5. In the Sydney hotel guys were drinking out of half pint glasses. I am nearly sure that its written in the Irish Constitution that no man is allowed to drink out of half pint glasses. I believe it goes something like 'And Verily no Irish male shall be allowed to drinkth beer out of vessels less than 1 fluid pint. Any man found doing so shall be forever labeled a big girls blouse - so shall be the law'.
In Belfast people would just laugh at anyone who tried to start a fight with a broken half pint glass.

Still it was a nice bar.

The next day was my last day of renting the hire car and I was supposed to go down the Huon trail. I quickly moved my stuff out of the Narra Backpackers and headed out of the city. Of course this being Tasmania it bucketing down all morning and I eventually decided that enough was enough and turned round to head back to the city.
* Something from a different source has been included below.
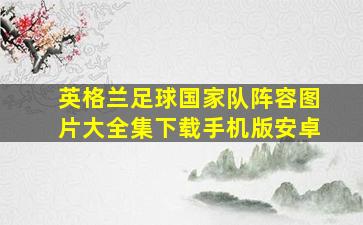 英格兰足球国家队阵容图片大全集下载手机版安卓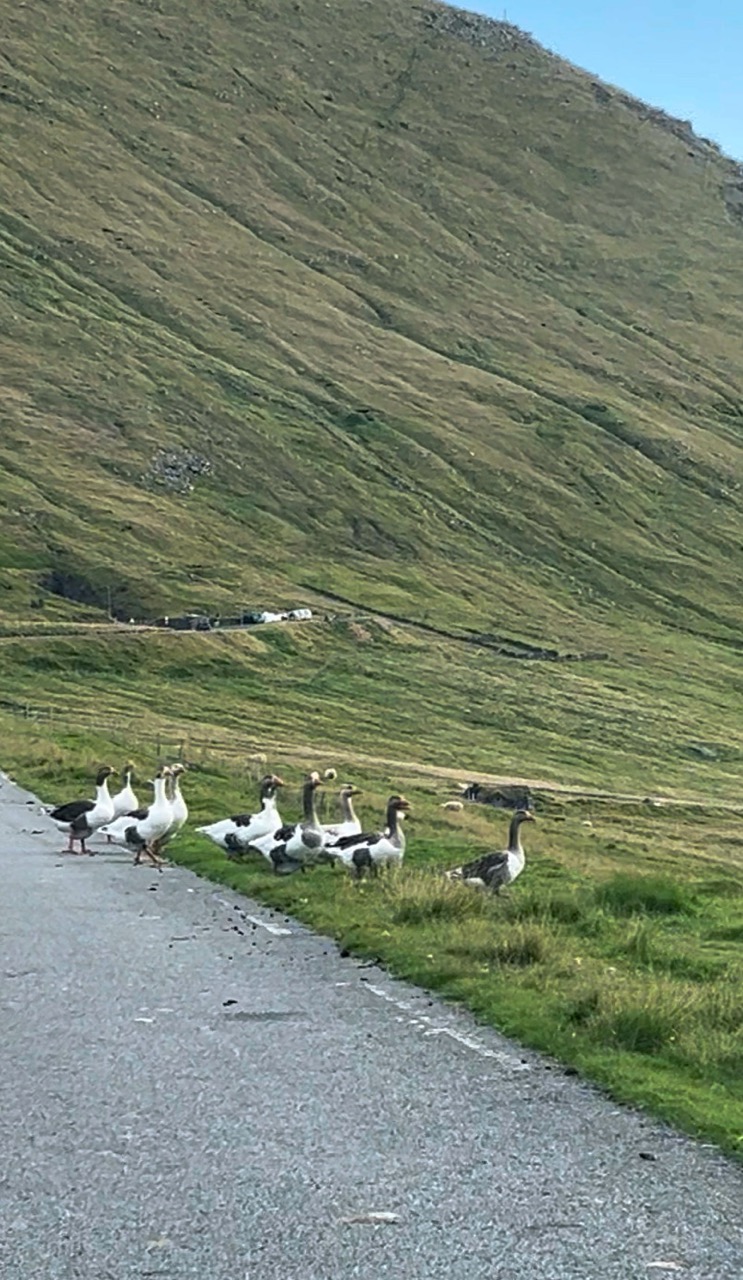 Faroe Islands by Car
The sun came out in the afternoon just as I was unpacking into the Sydney Hotel (bloody typical!) The backpacker accommodation upstairs was ok - I had what I thought was a large room to myself. There was no real kitchen. What they had instead was a bunk room (with beds) where they had placed a fridge, a toaster, a kettle and a microwave - all that the great Raymondo, chef extraordinaire would ever need.

Once I got settled in I went for a final small drive in the car before returning it to the depot. Then I went to the library to get details about the local CVA office. I had booked myself on a CVA 'Day with the Devils' tour on the Sunday and I wanted to find out where I was to meet.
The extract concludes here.